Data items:
----

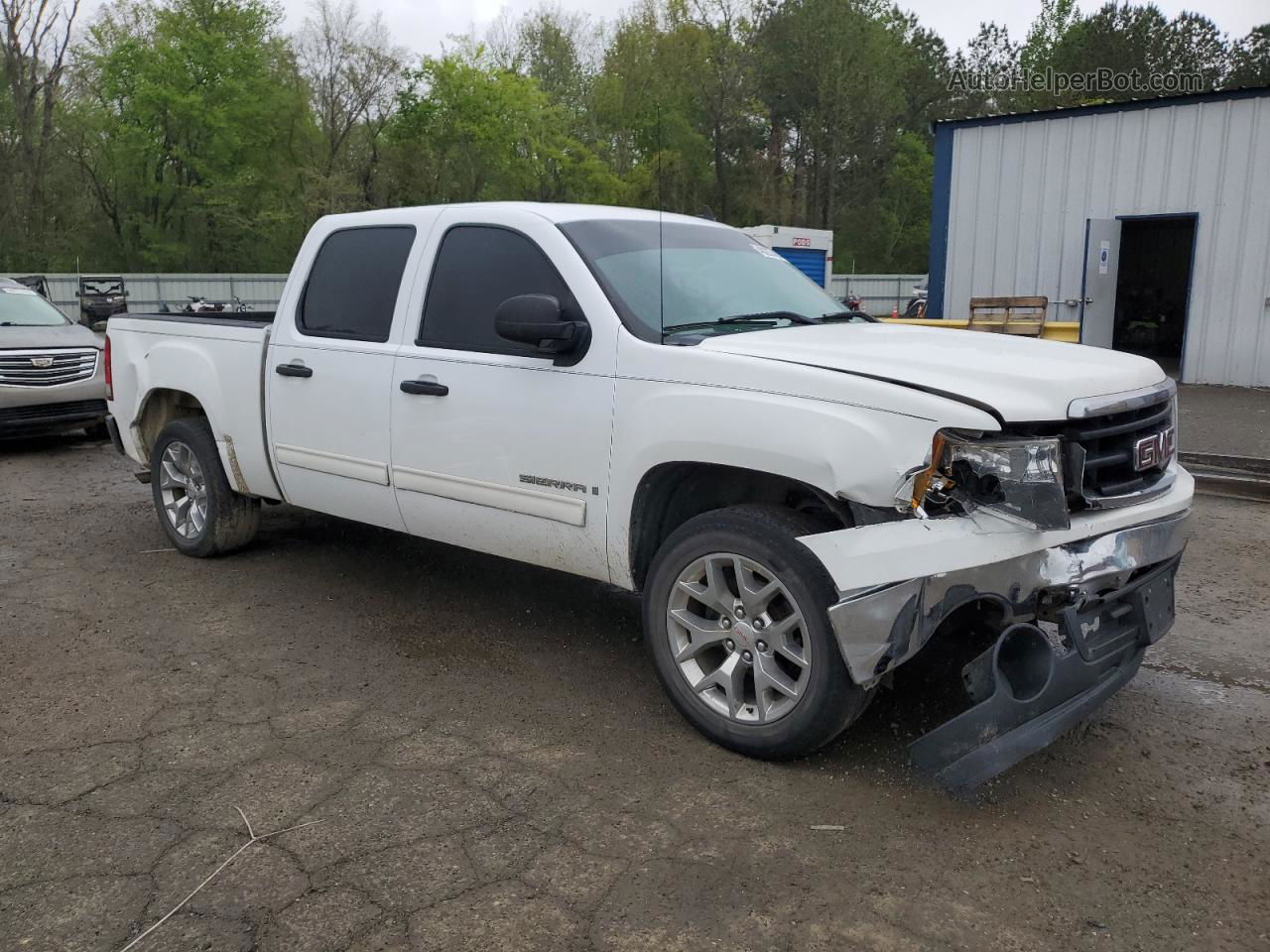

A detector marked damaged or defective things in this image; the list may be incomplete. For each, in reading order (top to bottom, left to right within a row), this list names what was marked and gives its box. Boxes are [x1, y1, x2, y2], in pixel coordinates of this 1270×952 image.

cracked concrete pavement [0, 436, 1264, 949]
broken headlight [899, 436, 1067, 533]
truck front end damage [797, 378, 1194, 791]
damaged front bumper [802, 467, 1189, 791]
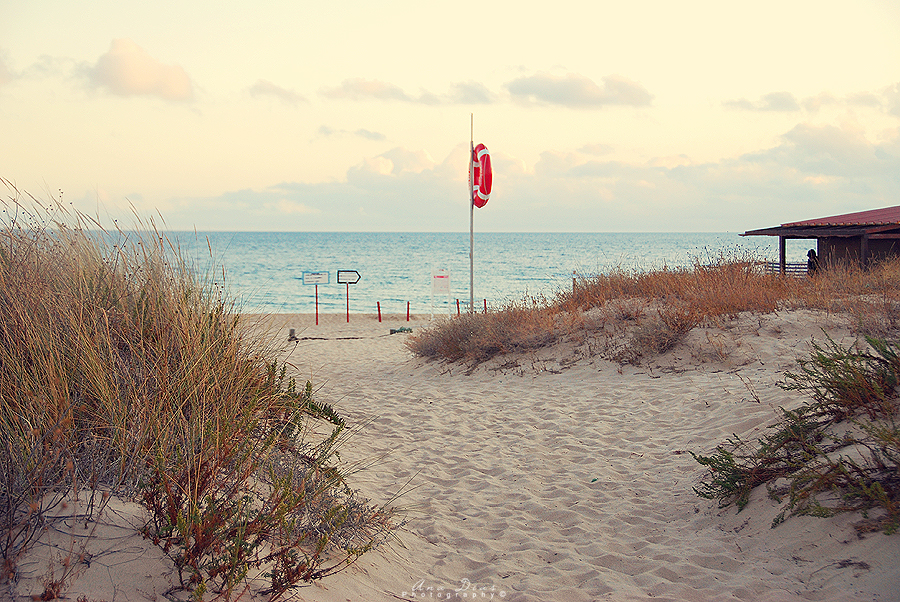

----

[What needs to be done]: Copy each entry exactly, with no pictures.

[Result]:
A detector marked damaged or defective things in this image; the list may be incomplete. For each, in reading order (top to bottom, left to right within a row), this list names what was marked and gives its box. Boxes are [x1, y1, x2, y2], in pixel coordinates of this 1270×952 image.

cracked concrete pavement [0, 436, 1264, 949]
broken headlight [899, 436, 1067, 533]
truck front end damage [797, 378, 1194, 791]
damaged front bumper [802, 467, 1189, 791]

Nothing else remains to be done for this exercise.